El pasado 23 de octubre terminé un breve artículo pidiendo educadamente que alguien explicara lo que quiere decir “resignificar el Valle de los Caídos”. Nadie contestó. Nadie dijo nada. Un silencio absoluto que me recordó aquella sentencia de Francis Bacon: “Quien no quiere pensar es un fanático, quien no puede pensar es un idiota, quien no osa pensar es un cobarde”.
Así que me he dedicado a reflexionar yo mismo y —con el permiso de la dirección del Adelantado y sus lectores— voy a dar mi opinión al respecto, porque ese silencio, tan elocuente, me dio que pensar más que cualquier discurso. Me llevó incluso a considerar que quizá algunos que usan esa palabra no tienen del todo claro su alcance. Porque “resignificar” suena académico, moderno, incluso compasivo; pero cuando se aplica a la historia, y más aún a la memoria de un país, suele significar algo menos noble, ya que no busca tanto comprender como imponer; no busca iluminar o esclarecer la memoria, sino reescribirla.
Porque resignificar no es restaurar, ni comprender, ni siquiera reconciliar; simplemente es sustituir un relato por otro. Y en ese gesto se esconde la tentación más antigua de la política, que no es otra que moldear el pasado, de tal modo que el Valle dejaría de ser lo que fue (el monumento de un tiempo determinado, con sus luces y sus sombras) para convertirse en un escenario pedagógico donde el poder dicta lo que debe recordarse y lo que conviene olvidar.
Sin embargo, ningún país que se respete ha prosperado borrando sus cicatrices, razón por la cual deberíamos aprender a mirar nuestro pasado sin miedo, sin temor, sin sobresalto.

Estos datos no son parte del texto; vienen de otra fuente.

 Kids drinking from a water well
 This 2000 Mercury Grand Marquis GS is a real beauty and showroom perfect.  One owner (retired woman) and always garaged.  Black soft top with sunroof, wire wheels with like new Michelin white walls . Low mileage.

Pero cuando la memoria se convierte en instrumento político, deja de ser recuerdo para transformarse en consigna. Por eso la palabra resignificar resulta tan cómoda que incluso permite ejercer un control simbólico sobre lo que ya no se puede cambiar. Se invoca la memoria, pero lo que realmente se busca es la superioridad moral; se promete reconciliación, pero se siembra división; se habla del pasado, pero se actúa sobre el presente.
El Valle de los Caídos no necesita resignificación, sino comprensión. Su existencia no es una ofensa ni un dogma, es un hecho que pesa tanto como la historia que lo levantó. Por eso, a mi juicio, es un error creer que la justicia histórica se alcanza borrando lo que incomoda, porque lo que realmente sucede es que los pueblos que se avergüenzan de su pasado se vuelven vulnerables.
La memoria colectiva no se trata ni se cura con retoques semánticos, sino con una madurez que rara vez se logra desde el poder. Porque el poder, por naturaleza, tiende a la manipulación del relato, tanto, que incluso algunos gobiernos —como el que sufrimos ahora los españoles— pretenden ser intérpretes del pasado; pero cuando se arrogan la tarea de “resignificar”, lo que realmente hacen es apropiarse del alma de la nación. Entienden que quien controla el significado del pasado, controla el marco del futuro.
Quizá esa sea la verdadera razón de tanto empeño por resignificar monumentos; se trata de de enseñar a las nuevas generaciones qué deben sentir ante cada símbolo, qué emoción es correcta, qué mirada está permitida. Es una operación moral más que histórica, donde el disidente ya no es quien piensa diferente, sino quien recuerda distinto.
El Valle de los Caídos, con toda su carga trágica, podría ser —si hubiera generosidad— un lugar de reconciliación silenciosa. Pero esa reconciliación exige grandeza, y la grandeza no cotiza en el mercado político actual. Para algunos es más rentable mantener la herida abierta y tensionar a la población.
“Resignificar” es, en el fondo, una forma de no asumir, de no perdonar, de no cerrar el duelo que la historia nos dejó sin cicatrizar. En definitiva, es decirnos qué debemos pensar, cómo debemos sentir y de qué manera debemos recordar. Es la política del relato, que sustituye el debate por la emoción y la historia por la versión.
Pero los símbolos, cuando se manipulan demasiado, acaban perdiendo fuerza, pues una sociedad que cambia el significado de sus monumentos al ritmo de sus gobiernos, se condena a no tener ninguno que dure. Y es que un pueblo no se engrandece reinterpretando sus desgracias, sino aceptándolas. Quien necesita resignificar su pasado demuestra que todavía no lo ha comprendido, porque los símbolos no se redimen por decreto ni se purifican con adjetivos nuevos: se redimen cuando el pueblo los asume con serenidad, y sin miedo. El Valle de los Caídos, con todo lo que representa, no necesita una nueva palabra, sino un nuevo temple, un nuevo talante, una nueva actitud. Y ese temple solo aparecerá cuando la política deje de jugar con la memoria y empiece, por fin, a respetarla.